He interview was tilted toward the negative (concerned) IMO. Of course he hedges his comments and does not predict. But he is clearly concerned that we could be looking at an economy that has some longer term weakness (like the depression). But he does say there is no way to know for sure.... this is a rare event and the great depression is the closest economic event (similar) in the recent past that we can compare it to.

He says fear, anger, and lack of confidence seems to prevail. We run the risk of creating a self-fulfilling prophecy.

He does not make predictions... but his concern is that the great depression (poor economy) languished for just shy of 20 years and was only pulled out of it by a massive government stimulus program (WWII). He seems to imply (by way of comparison and asking the question) that we could be looking at a similar experience.

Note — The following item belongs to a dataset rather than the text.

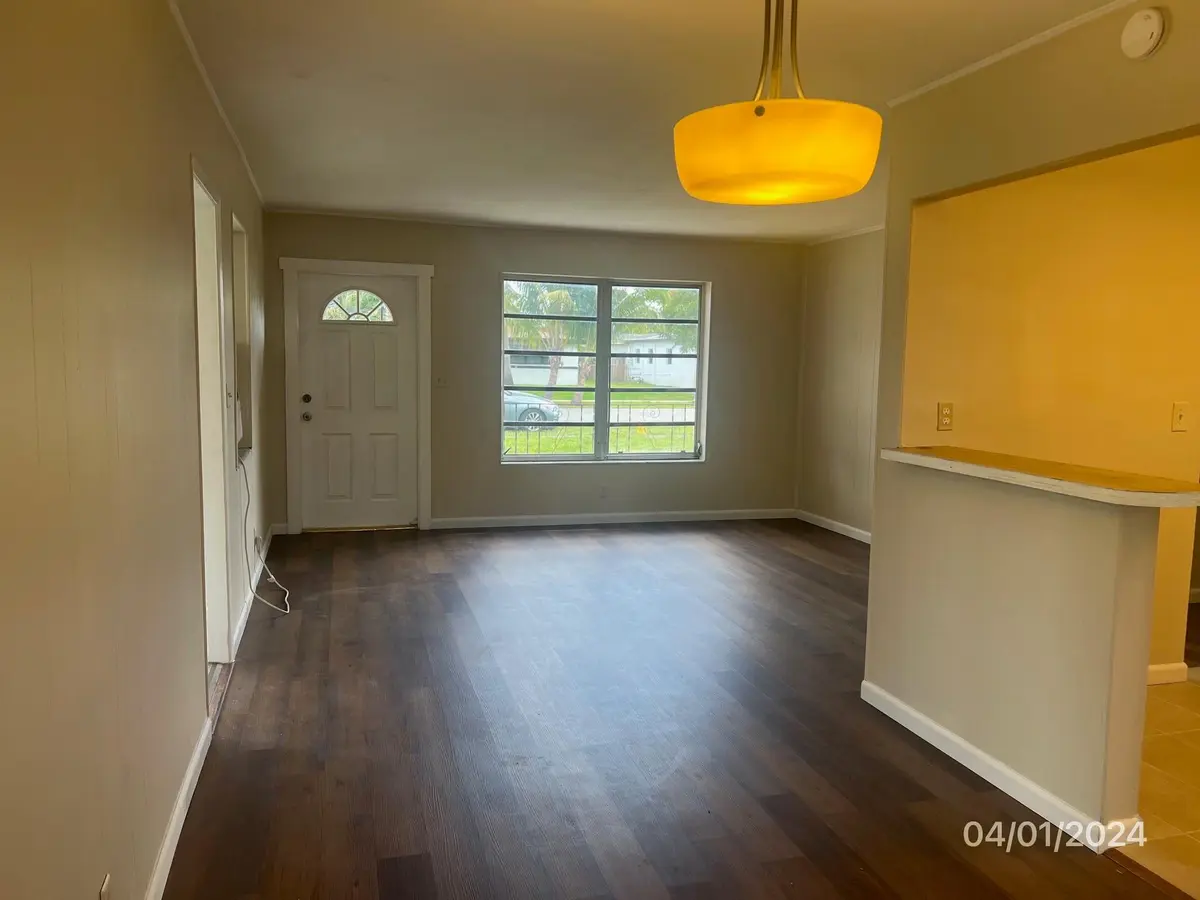 Photo 5 at 1055 Wyoming Avenue, Fort Lauderdale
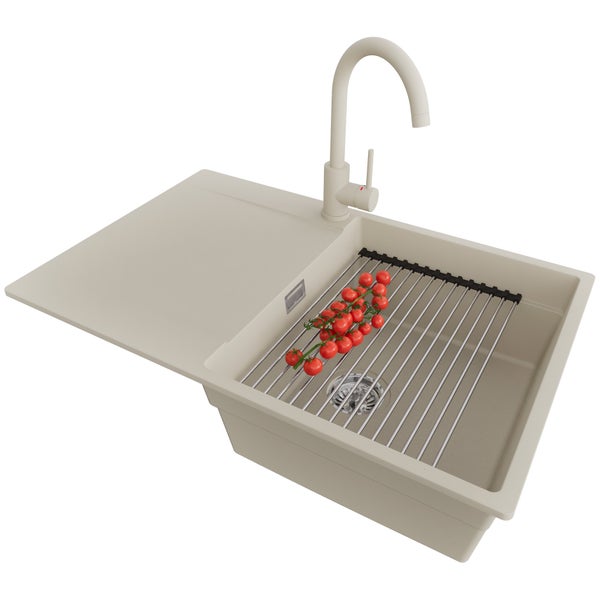 Spültisch mit Abtropffläche, Armatur, Abtropfgitter und Tomaten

The current market volatility.... Heavy market volatility in the past has often preceded a very large market drop. He cites 1987 (and previous markets).

His tip: "Hold TIPS- U.S. Treasury Inflation Protected Securities" You can see his rationale in the interview. My paraphrase: few options available to really preserve capital (on a real basis).

He also cites the conventional approach to investing... rebalance!

Consuelo Mack WealthTrack - Home - The Right Track To Your Financial Health


Added: He also states that there are people (I assume finance and economic professionals) that disagree with some of his views. I assume it is his way of saying his concerns may not turn into reality... IOW - YMMV... nothing is certain.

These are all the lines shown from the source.